The combination of microbicidal activity and cleansing activity, in addition to the non-toxicity of alkaline salts of FA, make these substances ideal candidates for formulating novel, effective sanitizers for poultry processing operations. FA kill microorganisms by disrupting cellular membranes and producing leakage of cellular contents [10]. The protective lipopolysaccharide layer covering the cell wall of Gram negative bacteria makes these bacteria more resistant to the antibacterial activity of FA than Gram positive bacteria. Development of effective processing sanitizers from FA involves determining which combinations of FA are most effective in killing the wide range of microorganisms associated with poultry processing and determining the concentration of FA required to overcome the ability of fats and proteins found in poultry meat to reduce the microbicidal activity of these compounds. Newly developed sanitizers also should not produce undesirable organoleptic changes in the processed carcass meat.
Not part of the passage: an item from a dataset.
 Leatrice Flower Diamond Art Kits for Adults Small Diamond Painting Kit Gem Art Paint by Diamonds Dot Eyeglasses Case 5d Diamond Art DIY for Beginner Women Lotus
Since the microbicidal surfactants are formulated from GRAS compounds, several countries that currently prohibit the use of chemicals during poultry processing might consider the use of these sanitizers as processing interventions. Research focused on formulating novel sanitizers based on alkaline salts of FA could potentially produce a new class of sanitizers that can be used as part of a program to provide consumers with safer, wholesome poultry products.